Write each line out exactly, from the one containing "of Columbia Perry's" through the final line of the data, and keep pictures out of the copy.
:::::
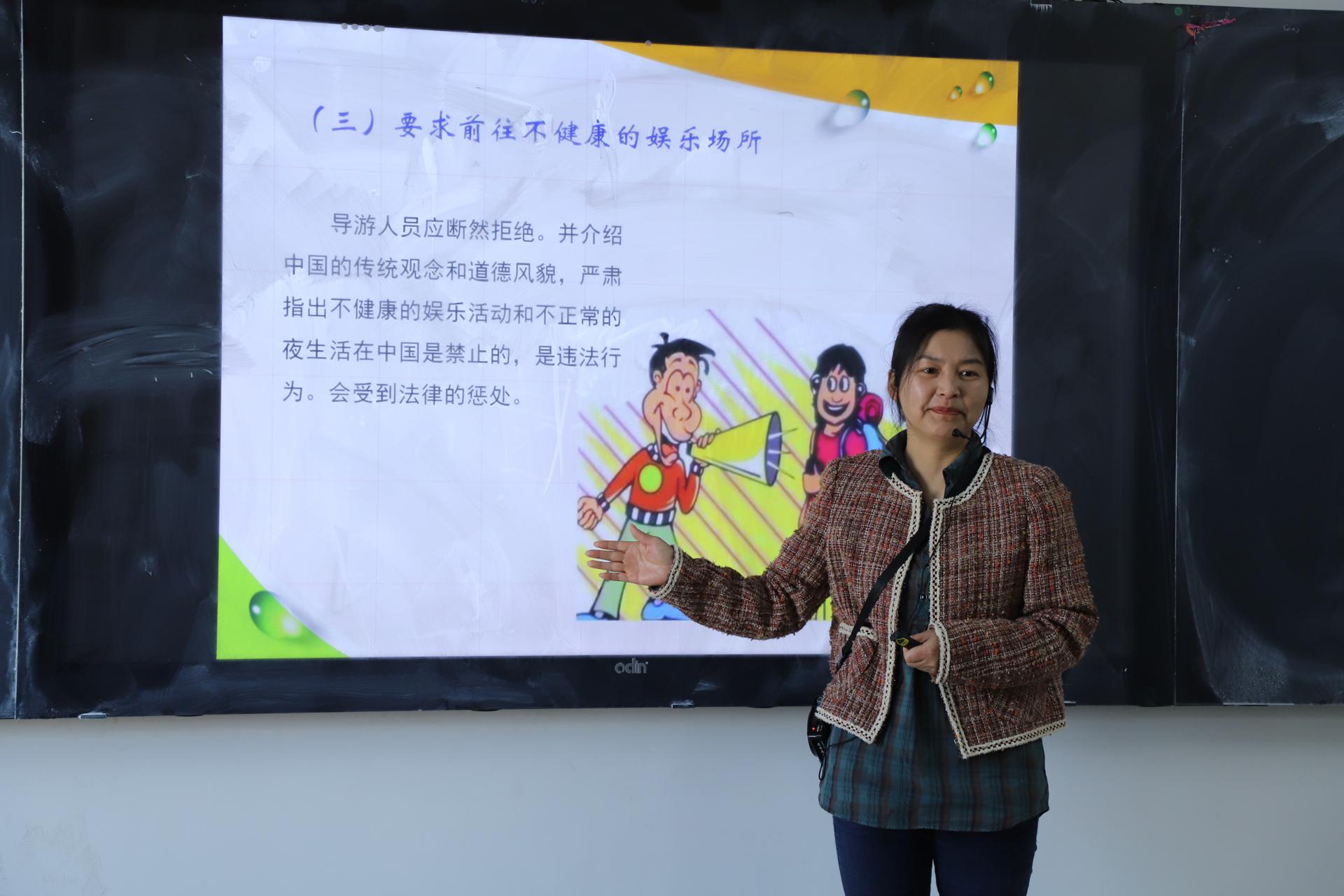 如何识破快递中的“违禁品”,物流职院学生创设情境学习环境 如何识破快递中的“违禁品”,物流职院学生创设情境学习环境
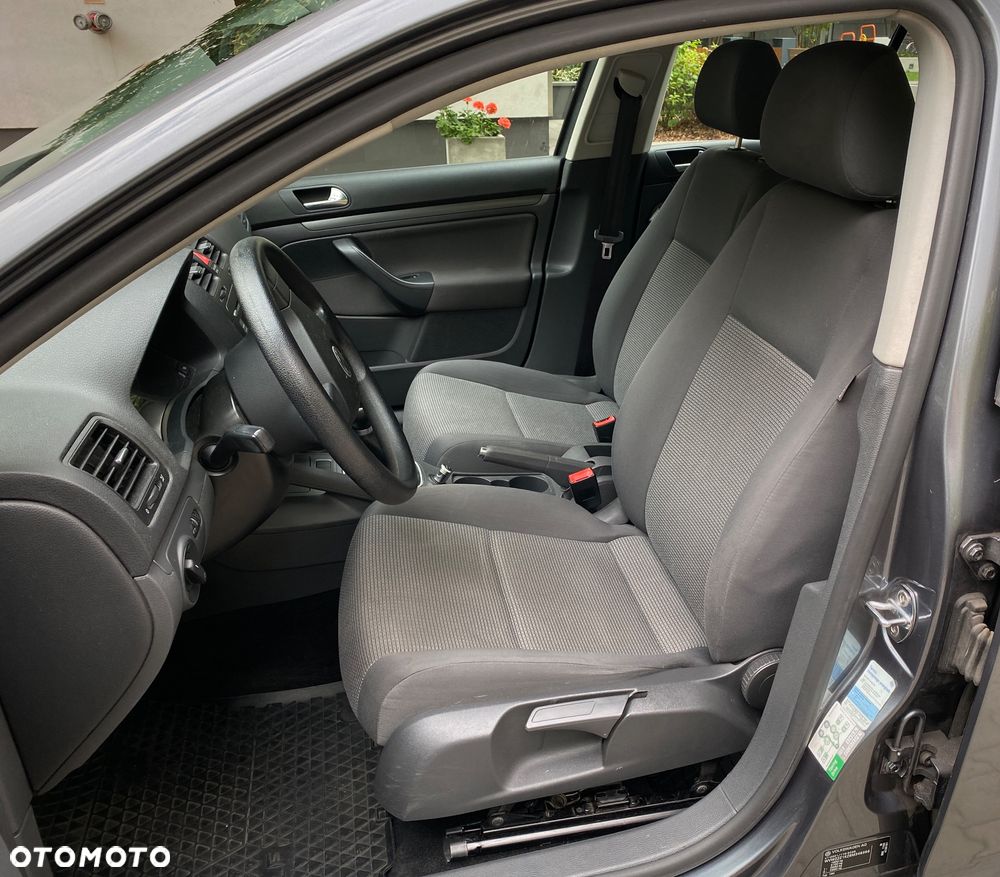 Volkswagen Golf 1.6 Comfortline - 5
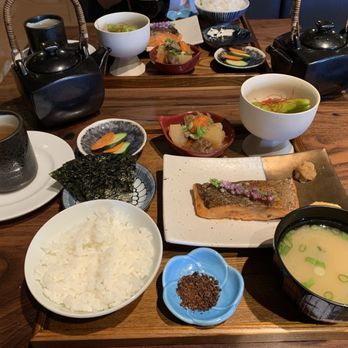 Perry's Restaurant - Japanese Breakfast - Sushi Bars Near Me - Washington, DC, District of Columbia Perry's Restaurant - Japanese Breakfast - Sushi Bars Near Me - Washington, DC, District of Columbia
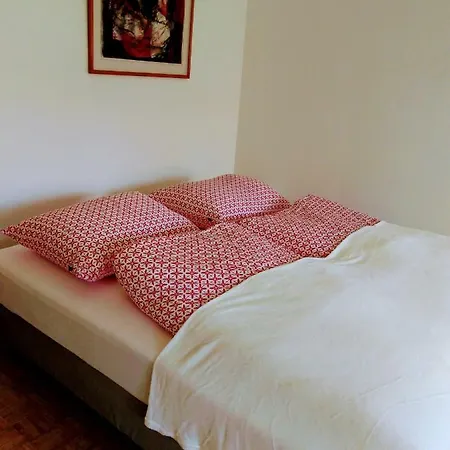 Ringstrasse Apartment *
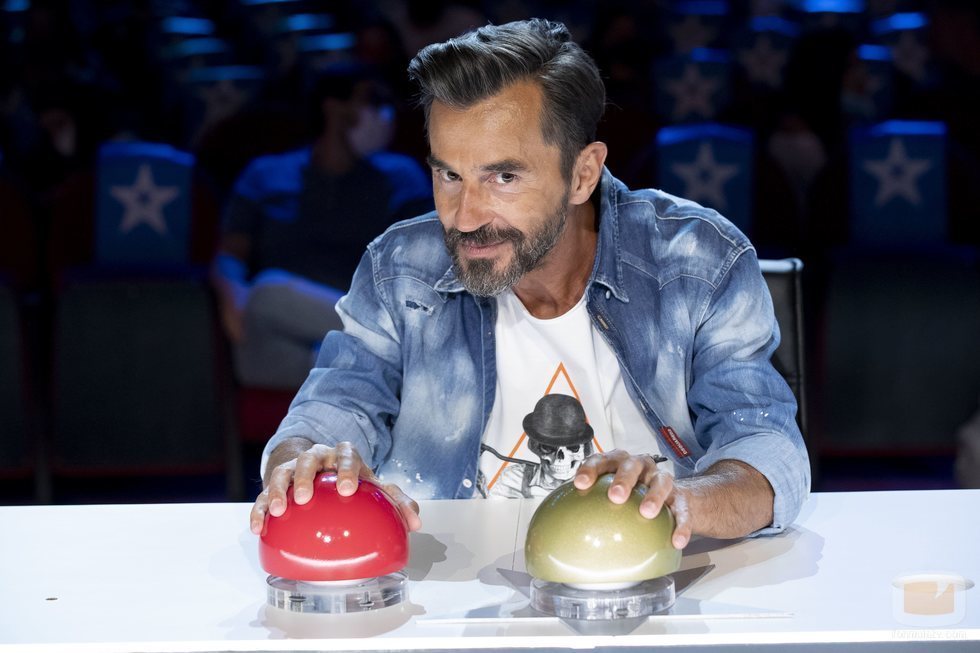 Santi Millán con los pulsadores de 'Got Talent 6'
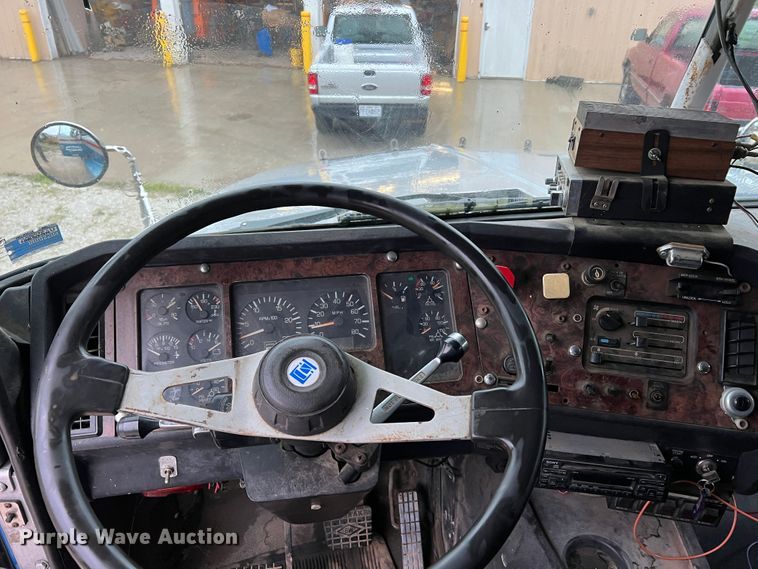 image for item JM9140 1992 White GMC WIA  Semi Truck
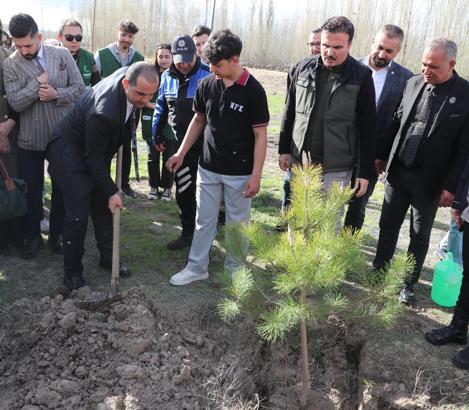 Vali Taşolar, liseli Muhammed Deniz’in isteğine duyarsız kalmadı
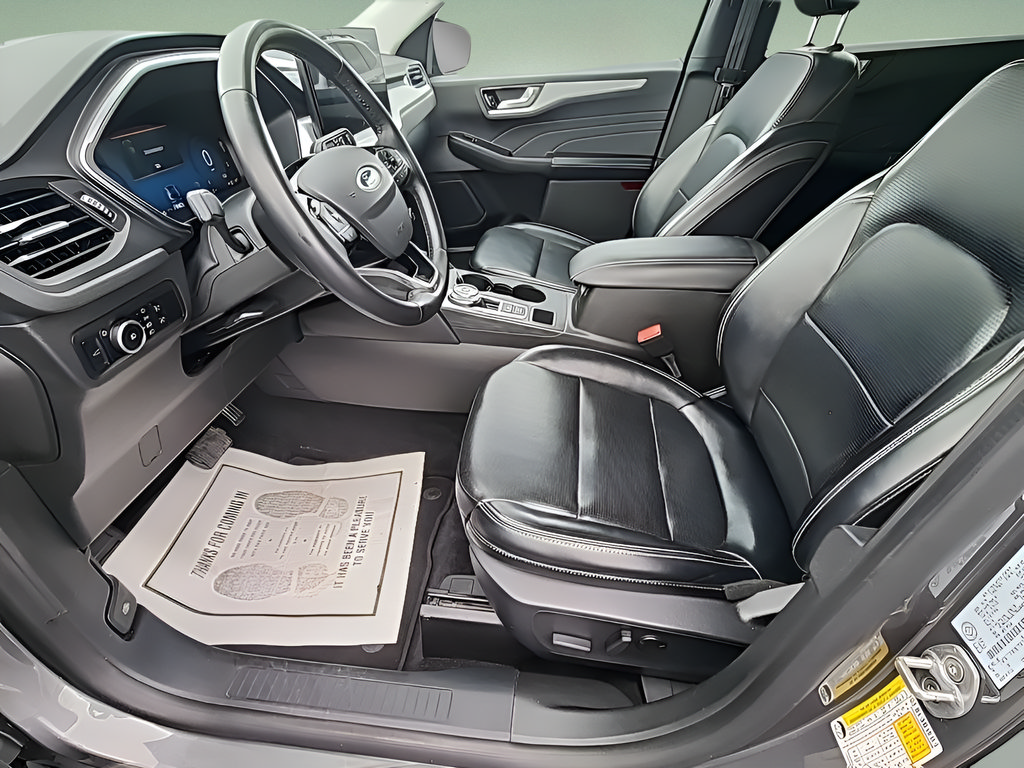 Certified 2024 Ford Escape Platinum AWD/4WD image 27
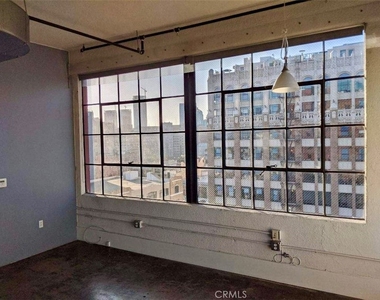 315 E 8th Street - Photo Thumbnail 3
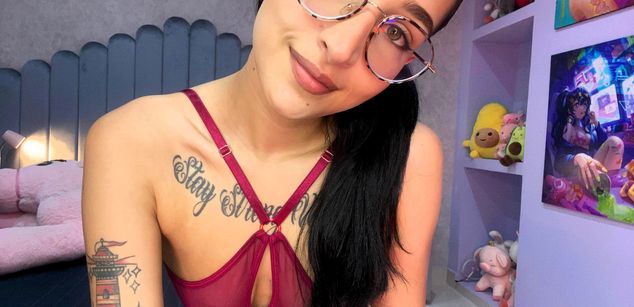 Model - Juana Green squirt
:::::
Your response:
 Perry's Restaurant - Japanese Breakfast - Sushi Bars Near Me - Washington, DC, District of Columbia Perry's Restaurant - Japanese Breakfast - Sushi Bars Near Me - Washington, DC, District of Columbia
 Ringstrasse Apartment *
 Santi Millán con los pulsadores de 'Got Talent 6'
 image for item JM9140 1992 White GMC WIA  Semi Truck
 Vali Taşolar, liseli Muhammed Deniz’in isteğine duyarsız kalmadı
 Certified 2024 Ford Escape Platinum AWD/4WD image 27
 315 E 8th Street - Photo Thumbnail 3
 Model - Juana Green squirt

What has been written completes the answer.